Trump also said “we shook hands, and we signed certain documents, but it better be done.”
He claimed Biden did nothing.
“I’m not looking for credit. I want to get these people out,” he said. “We’ve got to get them out.”
????PRESIDENT TRUMP LIVE ON THE DAN BONGINO SHOW????
“ THERE WOULD BE NO HOSTAGE DEAL WITHOUT US.. And it BETTER BE DONE BY THE TIME I TAKE THE OATH” pic.twitter.com/NUvf0Jw3bU— Johnny St.Pete (@JohnMcCloy) January 16, 2025
Trump likened the situation to the hostage Iran hostage crisis that was resolved moments after then-president Ronald Raegan entered office in the place of Jimmy Carter.
“For three years they’ve lived like in hell,” Trump said of the hostages, who have been in captivity for 470 days. “We gotta get them out, and it’ll be great when we do.”
The Hostages and Missing Families Forum also called on the government to swiftly approve the agreement, following reports of the delayed cabinet vote.
“For the 98 hostages, every night is another night of a terrible nightmare. Do not delay their return even for one more night,” the forum said in a statement.
“We call on the decision-makers — put other matters aside, bring them all back with the requisite urgency.”
The father of Liri Albag, an IDF surveillance soldier taken captive on October 7, wrote a letter to Netanyahu and government ministers that similarly warned “a further delay in approving the deal means another unnecessary day that our daughters are imprisoned in hell.”
According to a leaked copy of the agreement, over 1,700 Palestinian prisoners are to be freed in return for 33 Israeli hostages in the first phase of the deal: 700 terrorists, 250-300 of whom are serving life terms; 1,000 Gazans captured since October 8 in fighting in the Strip; and 47 rearrested prisoners from the 2011 Gilad Shalit deal.
Earlier Thursday, senior coalition member and Shas party leader Aryeh Deri said he received word that the final deal had been agreed upon and the cabinet would soon convene, but an Israeli diplomatic source continued to insist that the last details of a hostage release deal have not been finalized.
“Prime Minister Netanyahu is adamant on finalizing all the details of the agreement before he brings it to the approval of the cabinet and the government,” the source told reporters, claiming that Israel forced Hamas to back down from last-minute demands over the Philadelphi Corridor.
“This insistence seems to be bearing fruit, but until things are fully agreed upon, Netanyahu will not convene the cabinet and the government,” the source said.
In the background of the delayed cabinet vote, a delegation of senior Israel defense officials is still set to head to Egypt’s capital Cairo Friday to coordinate matters relating to the ceasefire and hostage deal, according to Hebrew media outlets.

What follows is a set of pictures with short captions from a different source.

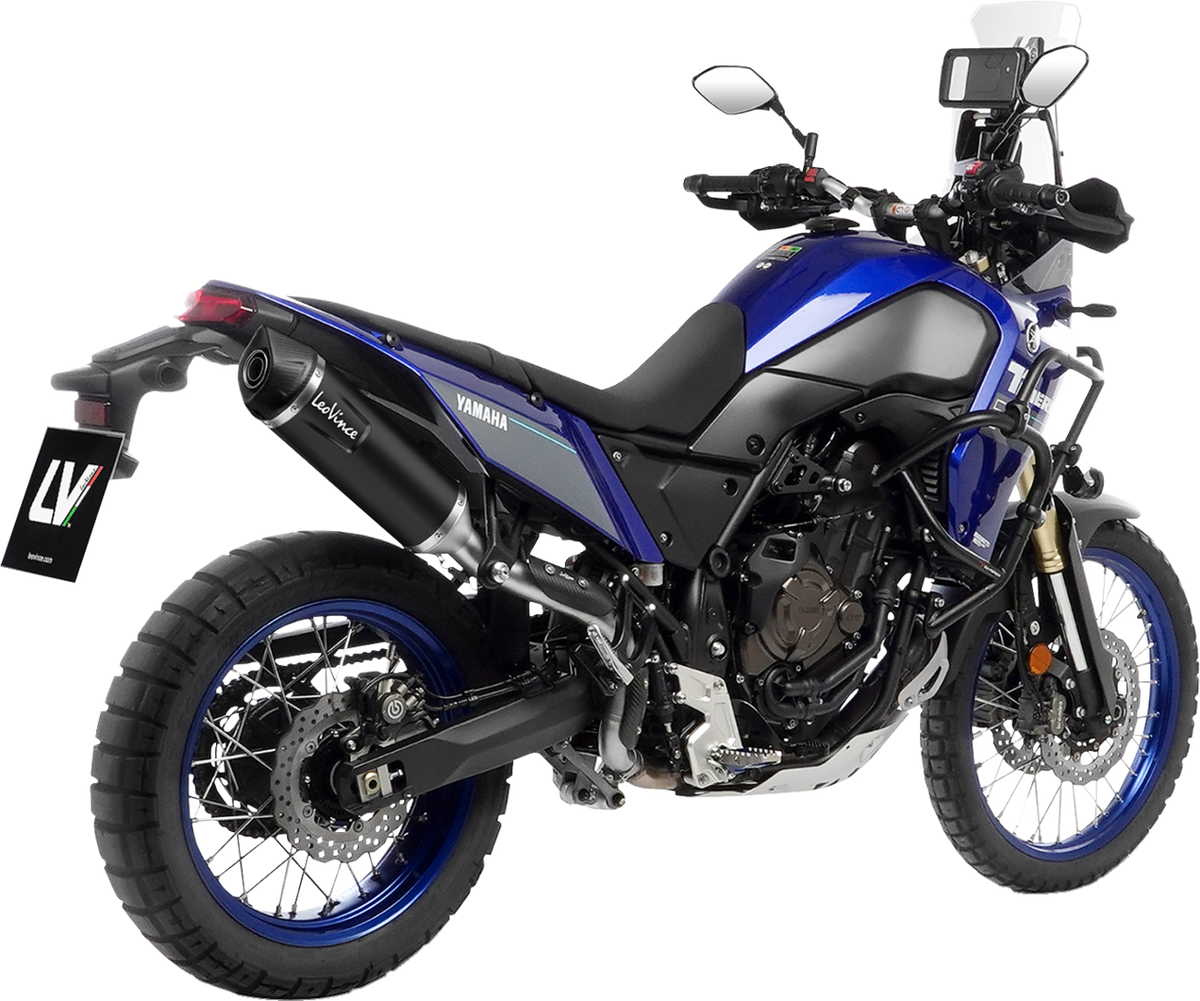 LeoVince LV One Evo Slip-On Muffler - High Mount - Black - Tenere 700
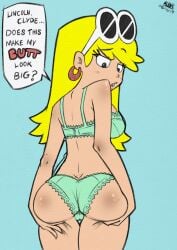 1girls big_ass black_eyes blonde_female blonde_hair hands_on_ass kenbr_arts leni_loud long_hair nickelodeon the_loud_house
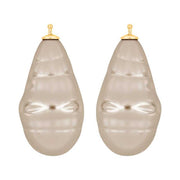 Mallorca perle barok farve73 m/fg sølv - par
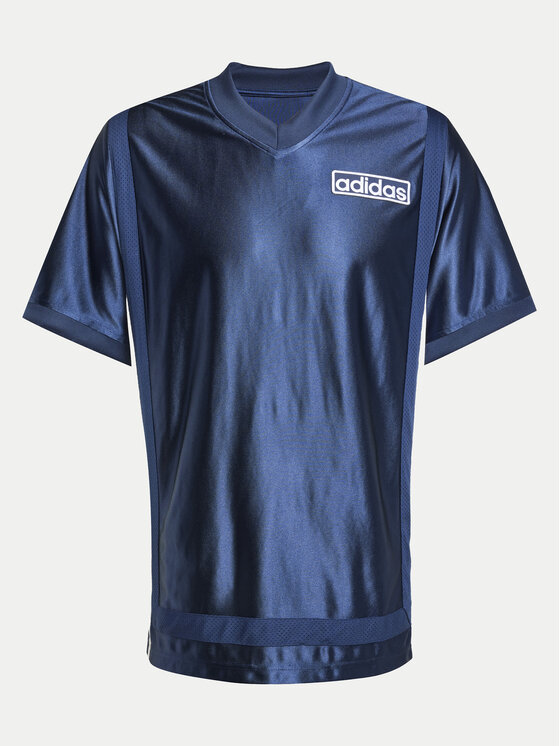 adidas adidas Marškinėliai Adibreak JD4248 Tamsiai mėlyna Loose Fit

The Walla news site and Army Radio reported that the delegation will include senior Shin Bet officials, the head of the IDF Strategy Directorate Maj. Gen. Eliezer Toledano, and COGAT chief Maj. Gen. Ghassan Alian.
The meetings will focus on coordinating the process of releasing the hostages on the first day of the ceasefire, the reports said. In the previous ceasefire deal, the hostages were released via the Rafah Crossing to Egypt and then to Israel.
The reports also said the delegation will discuss with Egyptian officials the reopening of the Rafah Crossing for Palestinians to leave Gaza, the entry of aid to the Strip, and the IDF’s deployment and expected withdrawal from the Philadelphi Corridor, the Egypt-Gaza border area.
The war began when Hamas-led terrorists invaded southern Israel, killing over 1,200 people and kidnapping 251 hostages during their October 7, 2023, onslaught.
During a November, 2023 temporary truce, 105 hostages were released, while four were freed earlier and eight have been rescued alive by troops from Gaza.
The bodies of 40 hostages have been recovered from the Strip, and of the 94 captives believed to still be held, 34 have been confirmed dead by Israeli officials. The fate of many of the others is unknown.